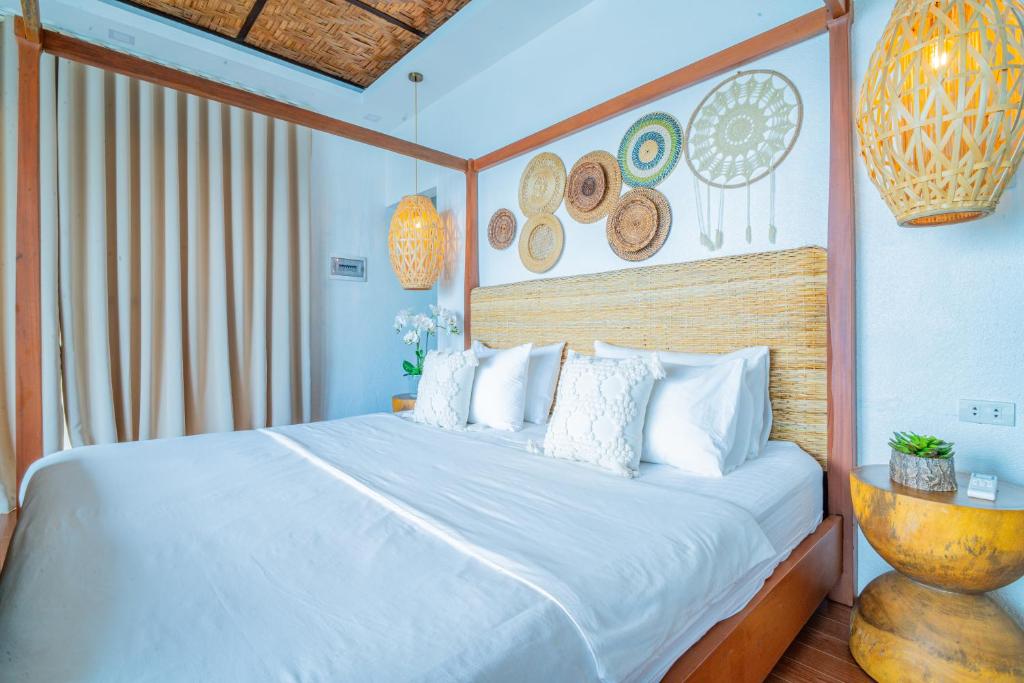 Postel nebo postele na pokoji v ubytování Pearl Bay Villas Private Resort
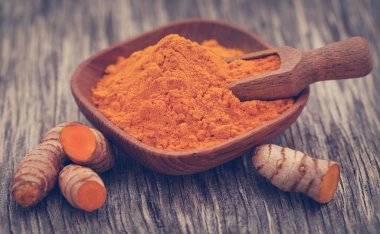 Toz ile ham zerdeçal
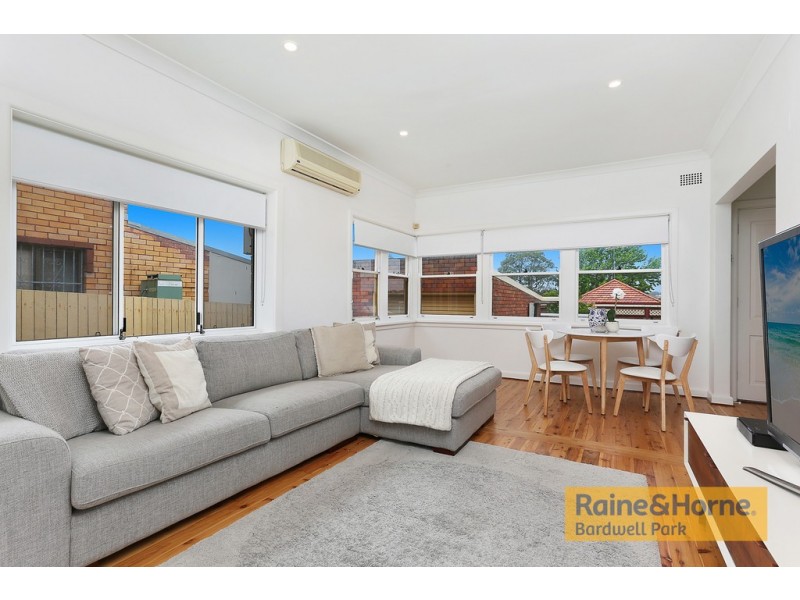 4 Poole Street, Kingsgrove NSW 2208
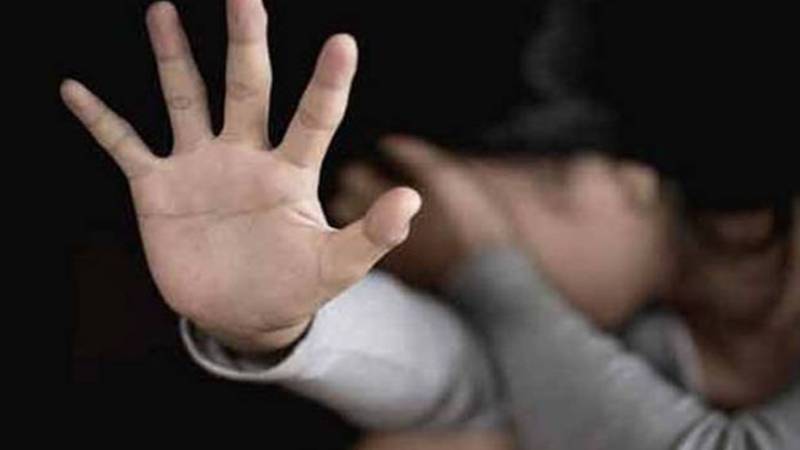 مزنگ میں خاتون کی درخواست پر بیٹی کے ساتھ زیادتی کا مقدمہ درج، ملزم گرفتار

== Task goal ==
Leaving each image aside, repeat the listing above exactly.

== Response to the task ==
 Postel nebo postele na pokoji v ubytování Pearl Bay Villas Private Resort
 Toz ile ham zerdeçal
 4 Poole Street, Kingsgrove NSW 2208
 مزنگ میں خاتون کی درخواست پر بیٹی کے ساتھ زیادتی کا مقدمہ درج، ملزم گرفتار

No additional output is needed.